Reproduce word for word the lines between those holding "Thumbnail 3: 10-19" and "191 Fort Hill", inclusive, and nothing else from the data below.

EXERCISE DATA Start Marker

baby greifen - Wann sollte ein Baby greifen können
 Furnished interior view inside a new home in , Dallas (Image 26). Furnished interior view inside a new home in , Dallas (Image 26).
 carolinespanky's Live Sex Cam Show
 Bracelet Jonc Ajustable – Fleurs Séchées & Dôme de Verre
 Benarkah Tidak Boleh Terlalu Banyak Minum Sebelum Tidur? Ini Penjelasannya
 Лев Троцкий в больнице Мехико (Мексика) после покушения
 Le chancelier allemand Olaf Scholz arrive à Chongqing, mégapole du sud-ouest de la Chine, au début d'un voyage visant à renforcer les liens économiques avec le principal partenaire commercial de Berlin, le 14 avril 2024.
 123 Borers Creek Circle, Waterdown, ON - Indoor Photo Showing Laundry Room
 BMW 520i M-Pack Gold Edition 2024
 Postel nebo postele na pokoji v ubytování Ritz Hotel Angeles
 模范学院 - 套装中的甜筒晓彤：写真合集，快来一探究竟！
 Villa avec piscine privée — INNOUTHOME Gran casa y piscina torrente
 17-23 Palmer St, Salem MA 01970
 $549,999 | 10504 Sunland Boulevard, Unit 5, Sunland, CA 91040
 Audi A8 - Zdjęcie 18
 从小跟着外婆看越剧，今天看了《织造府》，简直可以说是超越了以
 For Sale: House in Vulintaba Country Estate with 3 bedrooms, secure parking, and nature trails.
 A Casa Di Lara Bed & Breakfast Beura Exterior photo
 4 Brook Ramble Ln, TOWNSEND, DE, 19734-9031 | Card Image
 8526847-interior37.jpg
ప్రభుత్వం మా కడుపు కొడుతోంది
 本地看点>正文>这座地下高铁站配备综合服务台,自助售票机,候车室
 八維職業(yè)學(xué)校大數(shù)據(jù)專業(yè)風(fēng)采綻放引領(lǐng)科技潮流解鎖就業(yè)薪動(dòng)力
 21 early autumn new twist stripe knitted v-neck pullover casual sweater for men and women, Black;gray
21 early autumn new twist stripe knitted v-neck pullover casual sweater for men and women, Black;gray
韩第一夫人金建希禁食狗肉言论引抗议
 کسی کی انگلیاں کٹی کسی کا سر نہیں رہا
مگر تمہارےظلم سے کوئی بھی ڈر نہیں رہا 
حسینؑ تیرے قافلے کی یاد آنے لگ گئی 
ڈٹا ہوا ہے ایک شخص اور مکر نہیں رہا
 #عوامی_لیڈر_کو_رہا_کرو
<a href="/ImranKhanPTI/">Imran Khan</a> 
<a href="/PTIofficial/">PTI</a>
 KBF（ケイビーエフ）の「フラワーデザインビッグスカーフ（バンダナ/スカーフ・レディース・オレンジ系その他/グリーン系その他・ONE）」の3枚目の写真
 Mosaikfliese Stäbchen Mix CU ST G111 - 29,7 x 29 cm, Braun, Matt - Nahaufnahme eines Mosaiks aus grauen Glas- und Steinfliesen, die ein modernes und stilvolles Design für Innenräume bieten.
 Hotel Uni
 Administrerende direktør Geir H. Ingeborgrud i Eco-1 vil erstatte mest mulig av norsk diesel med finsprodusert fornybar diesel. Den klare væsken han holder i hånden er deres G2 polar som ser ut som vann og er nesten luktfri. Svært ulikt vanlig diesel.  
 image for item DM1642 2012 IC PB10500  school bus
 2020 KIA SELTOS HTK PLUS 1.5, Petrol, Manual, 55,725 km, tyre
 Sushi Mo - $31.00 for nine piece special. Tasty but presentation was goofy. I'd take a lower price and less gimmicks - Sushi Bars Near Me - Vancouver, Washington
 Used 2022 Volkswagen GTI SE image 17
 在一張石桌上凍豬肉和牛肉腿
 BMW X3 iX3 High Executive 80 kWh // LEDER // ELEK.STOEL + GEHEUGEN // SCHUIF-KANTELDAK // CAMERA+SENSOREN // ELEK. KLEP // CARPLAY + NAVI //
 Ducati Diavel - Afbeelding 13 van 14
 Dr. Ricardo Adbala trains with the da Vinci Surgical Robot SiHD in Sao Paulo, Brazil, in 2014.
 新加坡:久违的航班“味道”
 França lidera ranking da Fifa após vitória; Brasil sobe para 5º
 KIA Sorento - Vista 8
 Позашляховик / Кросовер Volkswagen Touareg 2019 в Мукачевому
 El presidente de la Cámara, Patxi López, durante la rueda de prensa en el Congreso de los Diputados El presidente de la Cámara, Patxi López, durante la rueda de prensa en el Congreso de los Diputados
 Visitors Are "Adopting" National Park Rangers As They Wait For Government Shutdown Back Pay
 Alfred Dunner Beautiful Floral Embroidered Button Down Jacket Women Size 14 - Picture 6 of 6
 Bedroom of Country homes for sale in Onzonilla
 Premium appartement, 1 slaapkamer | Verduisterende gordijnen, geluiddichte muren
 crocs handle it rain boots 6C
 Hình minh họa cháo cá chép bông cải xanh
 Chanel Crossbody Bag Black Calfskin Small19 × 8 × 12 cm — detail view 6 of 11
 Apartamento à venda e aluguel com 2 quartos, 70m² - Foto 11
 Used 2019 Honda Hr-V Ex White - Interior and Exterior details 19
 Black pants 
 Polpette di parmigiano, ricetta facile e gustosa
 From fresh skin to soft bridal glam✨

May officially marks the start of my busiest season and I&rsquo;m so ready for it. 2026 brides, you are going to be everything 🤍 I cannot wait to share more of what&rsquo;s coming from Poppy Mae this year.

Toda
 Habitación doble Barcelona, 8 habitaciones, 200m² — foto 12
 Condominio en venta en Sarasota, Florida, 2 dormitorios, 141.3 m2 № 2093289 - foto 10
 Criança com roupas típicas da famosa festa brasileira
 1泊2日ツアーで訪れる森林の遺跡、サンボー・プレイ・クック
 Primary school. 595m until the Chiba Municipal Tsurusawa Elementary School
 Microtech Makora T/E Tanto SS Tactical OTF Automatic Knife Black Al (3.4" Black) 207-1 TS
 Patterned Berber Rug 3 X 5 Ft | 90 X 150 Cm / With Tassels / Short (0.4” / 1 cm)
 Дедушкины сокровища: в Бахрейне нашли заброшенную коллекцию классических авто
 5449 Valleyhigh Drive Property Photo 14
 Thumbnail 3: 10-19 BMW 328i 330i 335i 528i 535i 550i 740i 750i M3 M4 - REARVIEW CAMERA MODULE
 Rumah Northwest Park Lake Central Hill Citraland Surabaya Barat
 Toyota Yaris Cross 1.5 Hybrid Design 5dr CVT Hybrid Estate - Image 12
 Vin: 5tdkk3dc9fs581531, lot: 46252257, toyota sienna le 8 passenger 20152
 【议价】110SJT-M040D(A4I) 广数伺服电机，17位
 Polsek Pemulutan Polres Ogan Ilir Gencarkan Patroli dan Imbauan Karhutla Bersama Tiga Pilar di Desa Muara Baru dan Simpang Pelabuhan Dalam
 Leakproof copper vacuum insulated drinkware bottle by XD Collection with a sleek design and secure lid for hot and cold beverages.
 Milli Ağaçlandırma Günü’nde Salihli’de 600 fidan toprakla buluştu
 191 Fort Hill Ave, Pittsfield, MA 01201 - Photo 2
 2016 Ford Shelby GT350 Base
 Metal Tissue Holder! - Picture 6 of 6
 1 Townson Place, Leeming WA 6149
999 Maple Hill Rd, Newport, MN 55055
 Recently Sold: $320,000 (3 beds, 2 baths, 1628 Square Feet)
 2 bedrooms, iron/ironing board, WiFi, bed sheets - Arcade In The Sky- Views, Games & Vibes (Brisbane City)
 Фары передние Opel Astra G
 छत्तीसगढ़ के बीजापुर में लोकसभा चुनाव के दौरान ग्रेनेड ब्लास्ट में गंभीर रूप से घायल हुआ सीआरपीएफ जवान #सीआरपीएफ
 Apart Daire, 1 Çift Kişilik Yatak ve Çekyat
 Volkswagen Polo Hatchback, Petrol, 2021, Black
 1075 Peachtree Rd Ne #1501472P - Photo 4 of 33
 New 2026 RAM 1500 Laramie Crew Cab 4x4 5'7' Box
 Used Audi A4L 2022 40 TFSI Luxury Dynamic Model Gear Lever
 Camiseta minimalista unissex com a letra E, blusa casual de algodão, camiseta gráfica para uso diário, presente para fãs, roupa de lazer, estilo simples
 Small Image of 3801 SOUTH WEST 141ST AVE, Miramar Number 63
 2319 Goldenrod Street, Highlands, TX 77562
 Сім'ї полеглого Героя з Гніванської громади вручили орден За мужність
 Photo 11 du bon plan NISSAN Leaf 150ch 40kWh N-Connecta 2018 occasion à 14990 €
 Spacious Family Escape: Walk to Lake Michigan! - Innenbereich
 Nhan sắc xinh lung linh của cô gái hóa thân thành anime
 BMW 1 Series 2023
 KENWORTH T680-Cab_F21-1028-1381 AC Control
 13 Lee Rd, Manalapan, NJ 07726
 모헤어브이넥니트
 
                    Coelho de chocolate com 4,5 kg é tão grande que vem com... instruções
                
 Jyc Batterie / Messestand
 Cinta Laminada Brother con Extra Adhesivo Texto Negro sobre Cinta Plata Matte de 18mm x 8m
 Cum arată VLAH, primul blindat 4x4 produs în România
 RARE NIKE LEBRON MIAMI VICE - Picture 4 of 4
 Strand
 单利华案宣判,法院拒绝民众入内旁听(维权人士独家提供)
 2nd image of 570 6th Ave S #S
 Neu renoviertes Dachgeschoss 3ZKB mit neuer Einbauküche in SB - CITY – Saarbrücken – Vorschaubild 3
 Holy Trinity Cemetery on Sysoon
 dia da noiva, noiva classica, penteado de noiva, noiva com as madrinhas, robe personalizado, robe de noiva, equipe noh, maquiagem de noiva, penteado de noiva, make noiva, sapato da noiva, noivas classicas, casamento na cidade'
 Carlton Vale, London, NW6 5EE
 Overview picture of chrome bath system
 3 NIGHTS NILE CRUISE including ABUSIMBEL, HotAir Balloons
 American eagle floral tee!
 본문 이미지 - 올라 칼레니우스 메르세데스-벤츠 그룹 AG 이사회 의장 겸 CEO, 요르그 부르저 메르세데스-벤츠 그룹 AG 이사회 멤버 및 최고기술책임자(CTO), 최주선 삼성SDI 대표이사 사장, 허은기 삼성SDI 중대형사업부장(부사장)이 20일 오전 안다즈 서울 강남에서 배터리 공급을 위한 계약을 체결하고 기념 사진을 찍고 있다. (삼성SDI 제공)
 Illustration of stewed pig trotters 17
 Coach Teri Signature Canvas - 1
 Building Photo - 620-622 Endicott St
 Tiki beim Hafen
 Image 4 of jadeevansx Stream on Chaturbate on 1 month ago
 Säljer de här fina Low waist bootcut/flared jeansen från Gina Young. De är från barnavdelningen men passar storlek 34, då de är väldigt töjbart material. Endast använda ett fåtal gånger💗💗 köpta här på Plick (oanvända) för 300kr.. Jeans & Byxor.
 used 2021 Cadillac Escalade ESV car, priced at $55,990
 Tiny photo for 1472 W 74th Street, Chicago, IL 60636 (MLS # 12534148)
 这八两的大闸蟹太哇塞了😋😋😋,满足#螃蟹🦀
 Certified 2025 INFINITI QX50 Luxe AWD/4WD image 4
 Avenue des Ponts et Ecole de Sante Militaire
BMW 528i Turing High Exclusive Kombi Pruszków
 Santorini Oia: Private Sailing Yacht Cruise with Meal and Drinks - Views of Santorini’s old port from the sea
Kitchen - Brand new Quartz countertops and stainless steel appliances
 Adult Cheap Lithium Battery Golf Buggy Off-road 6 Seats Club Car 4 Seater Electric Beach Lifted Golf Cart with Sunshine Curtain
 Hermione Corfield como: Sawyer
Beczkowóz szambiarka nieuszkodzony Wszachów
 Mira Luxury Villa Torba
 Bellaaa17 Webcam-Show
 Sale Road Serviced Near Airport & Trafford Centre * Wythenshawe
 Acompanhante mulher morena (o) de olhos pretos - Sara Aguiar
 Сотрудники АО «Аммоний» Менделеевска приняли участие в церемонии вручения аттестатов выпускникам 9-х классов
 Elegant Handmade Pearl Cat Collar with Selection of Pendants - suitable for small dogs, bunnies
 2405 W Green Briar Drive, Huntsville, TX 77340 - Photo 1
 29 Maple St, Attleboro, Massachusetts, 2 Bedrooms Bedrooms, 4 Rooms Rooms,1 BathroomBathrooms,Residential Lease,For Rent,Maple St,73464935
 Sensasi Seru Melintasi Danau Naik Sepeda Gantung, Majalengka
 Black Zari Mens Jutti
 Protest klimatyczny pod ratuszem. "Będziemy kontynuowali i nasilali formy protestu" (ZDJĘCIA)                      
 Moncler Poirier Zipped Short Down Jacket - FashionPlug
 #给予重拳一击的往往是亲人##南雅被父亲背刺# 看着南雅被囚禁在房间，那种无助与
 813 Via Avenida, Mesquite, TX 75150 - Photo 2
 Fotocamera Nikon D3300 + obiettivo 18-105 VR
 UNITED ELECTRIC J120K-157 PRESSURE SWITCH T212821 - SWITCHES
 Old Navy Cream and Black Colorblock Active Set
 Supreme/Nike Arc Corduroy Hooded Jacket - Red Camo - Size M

EXERCISE DATA End Marker

WRITTEN ANSWER:
 Thumbnail 3: 10-19 BMW 328i 330i 335i 528i 535i 550i 740i 750i M3 M4 - REARVIEW CAMERA MODULE
 Rumah Northwest Park Lake Central Hill Citraland Surabaya Barat
 Toyota Yaris Cross 1.5 Hybrid Design 5dr CVT Hybrid Estate - Image 12
 Vin: 5tdkk3dc9fs581531, lot: 46252257, toyota sienna le 8 passenger 20152
 【议价】110SJT-M040D(A4I) 广数伺服电机，17位
 Polsek Pemulutan Polres Ogan Ilir Gencarkan Patroli dan Imbauan Karhutla Bersama Tiga Pilar di Desa Muara Baru dan Simpang Pelabuhan Dalam
 Leakproof copper vacuum insulated drinkware bottle by XD Collection with a sleek design and secure lid for hot and cold beverages.
 Milli Ağaçlandırma Günü’nde Salihli’de 600 fidan toprakla buluştu
 191 Fort Hill Ave, Pittsfield, MA 01201 - Photo 2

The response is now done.